For the past few years, John Westbrook has been working with Diane Jakacki and a team of student researchers (Annie Girton, Sarah Haber, and Rebecca Heintzelman) to digitize a best-selling reader, titled Suzette, used for girls’ education in belle-époque France. This textbook provides a rich source for understanding how tension between the intellectually egalitarian goals and socially conservative mores of the educational reformers of the Third Republic were translated into pedagogical practices in girls’ classrooms. Working from the teacher’s edition, The Suzette Project team has refined a coding schema that reflects how the national curriculum was transformed into a narrative that follows the intellectual, social, and moral growth of the young eponymous heroine. The final goal of The Suzette Project will be an online, bilingual, annotated version of the textbook accompanied by an evolving set of interpretive texts. This session, which took place on April 29, 2021, provides a brief overview of the project and its goals, followed by roundtable discussion with the Bucknell students about their experiences with the project.


Making & Collaborating: Student-Led Digital Humanities Projects at the Griot Institute

Each year the Griot Institute works closely with several undergraduate and one or two graduate students to build on past research projects and pursue new research endeavors. Learn from current Griot students as they present their projects. These projects include: the Bucknell Civil Rights Project, the Griot Institute Monthly Newsletter, the African Matrilineal Societies & African Girlhoods Projects, the Bucknell Black History Timeline, and the Antigua Sugar Mills Project. This event took place on Friday, April 9, 2021.

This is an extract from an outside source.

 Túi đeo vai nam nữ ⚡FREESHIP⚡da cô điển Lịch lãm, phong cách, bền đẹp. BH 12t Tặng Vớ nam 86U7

The Florentine Codex Project: A Decolonial Approach to Digital Editing

On Thursday, March 18, 2021, Dr. Obed Lira presented his ongoing Digital Humanities project, The Florentine Codex Project, which is a collaboration between researchers from Bucknell University and the Poetic Media Lab at Stanford University. The project is mainly focused on the creation of a digital edition of the monumental sixteenth-century work entitled Historia general de las cosas de Nueva España (General History of the Things of New Spain), also known as the Florentine Codex. This encyclopedic work—compiled over many years by a Franciscan friar and his native collaborators—sought to capture the language and culture of the indigenous Nahua peoples with the ultimate end of enhancing evangelization efforts. Dr. Lira’s talk introduced this important source and discussed some of the ways in which this digital project challenges current research paradigms around colonial documents of this kind, offering instead a decolonial approach to digital editing, and thus a decolonial approach to reading an ever-growing digital archive of colonial documents.

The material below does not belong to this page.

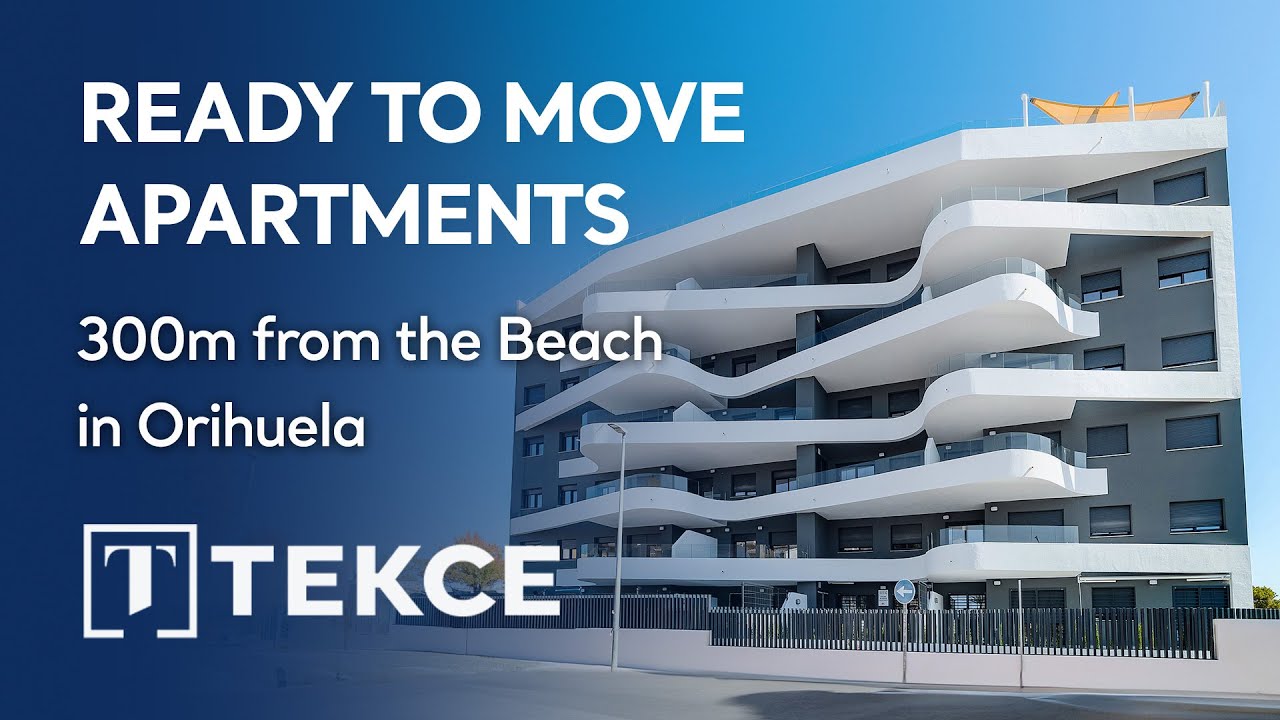 Ready to Move Apartments 300 M from the Sea in Orihuela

Mapping with the Humanities: Spatial Humanities, Cultural-Historical Understandings of Place, and the Dangers of Presentism

“Mapping with the Humanities: Spatial Humanities, Cultural-Historical Understandings of Place, and the Dangers of Presentism” took place on Monday, October 05, 2020, led by Dr. Diane Jakacki, Digital Scholarship Coordinator. This event entailed a presentation and discussion on how do digital humanists balance the need to analyze the complexities of place in cultural-historical contexts with the positivistic tools offered in geospatial data-driven mapping environments? In the talk Dr. Jakacki presented, a Mellon-funded DH research project, REED London, that aimed to analyze documentary evidence about London, its inhabitants, and the relationship of performance to the City’s developing identity from the Middle Ages through the Restoration.

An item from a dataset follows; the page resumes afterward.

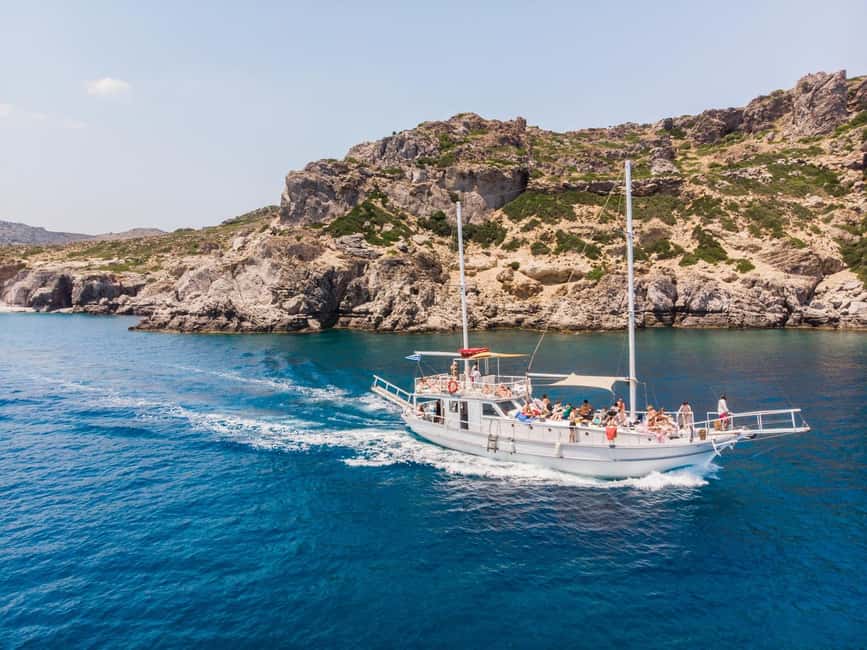Rhodes: Boat Tour with Snorkeling, Gourmet Buffet & Open Bar - The Greek buffet and open bar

Building Digital Ethics: Foregrounding Privacy and Ethics in Digital Humanities Projects

“Building Digital Ethics” took place on Sept. 14, 2020. Led by Christian Howard-Sukhil and Todd Suomela, this event entailed a presentation and discussion about navigating legal questions around privacy and its attendant ethical considerations in relation to Digital Humanities (DH) projects. “Building Digital Ethics” was part of the Fall 2020 HumLab Bytes event series.


Critical Playing Workshop

On February 25, 2020, Professor Ghislaine McDayter from the Department of English led a workshop on “Critical Playing,” which included a discussion of how computer games can assist in the development of scholarship and learning. To learn more about the event, check out this blog post by Lielt Endashaw!

The Critical Playing Workshop was part of the ongoing event series called “HumLab Bytes.” HumLab Bytes events are designed to promote discussion and exploration of a given technology in relation to humanistic inquiry. These events are open to all faculty, staff, and students at Bucknell, as well as individuals in the surrounding communities.


Digital Humanities Showcase & Mixer

The inaugural Digital Humanities (DH) Showcase and Mixer event was hosted on January 30, 2020 in the Bucknell Humanities Center. Twenty-one faculty, staff, and students from multiple departments and groups across campus presented their ongoing DH work, and there were representatives from Classics and Ancient Mediterranean Studies, Comparative and Digital Humanities, Digital Pedagogy and Scholarship, English, History, the Humanities Center, Library and Information Technology, the Place Studies Program, and Spanish. The event was well attended by individuals from all three colleges as well as various administrative groups on campus, including the Office of Sponsored Projects and the Provost’s Office.